[[ DATASET ENTRIES, beginning ]]
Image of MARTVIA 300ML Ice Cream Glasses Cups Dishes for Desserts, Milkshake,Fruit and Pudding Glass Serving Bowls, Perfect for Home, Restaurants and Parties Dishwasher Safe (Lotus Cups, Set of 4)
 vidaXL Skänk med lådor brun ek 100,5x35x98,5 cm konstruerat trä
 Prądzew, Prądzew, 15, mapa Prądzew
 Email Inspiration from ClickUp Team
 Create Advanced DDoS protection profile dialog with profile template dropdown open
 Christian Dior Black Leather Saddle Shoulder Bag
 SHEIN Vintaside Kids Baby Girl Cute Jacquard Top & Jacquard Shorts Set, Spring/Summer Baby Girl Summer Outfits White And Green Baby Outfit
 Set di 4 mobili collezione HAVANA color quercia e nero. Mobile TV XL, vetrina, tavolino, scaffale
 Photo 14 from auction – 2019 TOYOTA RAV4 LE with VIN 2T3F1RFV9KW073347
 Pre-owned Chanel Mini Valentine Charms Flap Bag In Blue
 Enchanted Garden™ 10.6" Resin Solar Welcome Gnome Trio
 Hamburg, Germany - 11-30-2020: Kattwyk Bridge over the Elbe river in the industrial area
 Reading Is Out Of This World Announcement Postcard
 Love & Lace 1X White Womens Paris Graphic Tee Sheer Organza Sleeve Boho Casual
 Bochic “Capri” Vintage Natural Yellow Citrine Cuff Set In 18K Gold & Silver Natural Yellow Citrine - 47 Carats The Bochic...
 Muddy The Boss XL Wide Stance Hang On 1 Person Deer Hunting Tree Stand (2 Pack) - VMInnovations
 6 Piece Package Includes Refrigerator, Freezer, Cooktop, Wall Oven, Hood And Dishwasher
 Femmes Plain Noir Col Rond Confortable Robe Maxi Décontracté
[[ DATASET ENTRIES, end ]]
→ **TASK DESCRIPTION**: Return the lines above precisely as they appear, beginning at the first line and ending at the line with "Christian Dior Black", and nothing after it.

→ **EXPECTED OUTPUT**:
Image of MARTVIA 300ML Ice Cream Glasses Cups Dishes for Desserts, Milkshake,Fruit and Pudding Glass Serving Bowls, Perfect for Home, Restaurants and Parties Dishwasher Safe (Lotus Cups, Set of 4)
 vidaXL Skänk med lådor brun ek 100,5x35x98,5 cm konstruerat trä
 Prądzew, Prądzew, 15, mapa Prądzew
 Email Inspiration from ClickUp Team
 Create Advanced DDoS protection profile dialog with profile template dropdown open
 Christian Dior Black Leather Saddle Shoulder Bag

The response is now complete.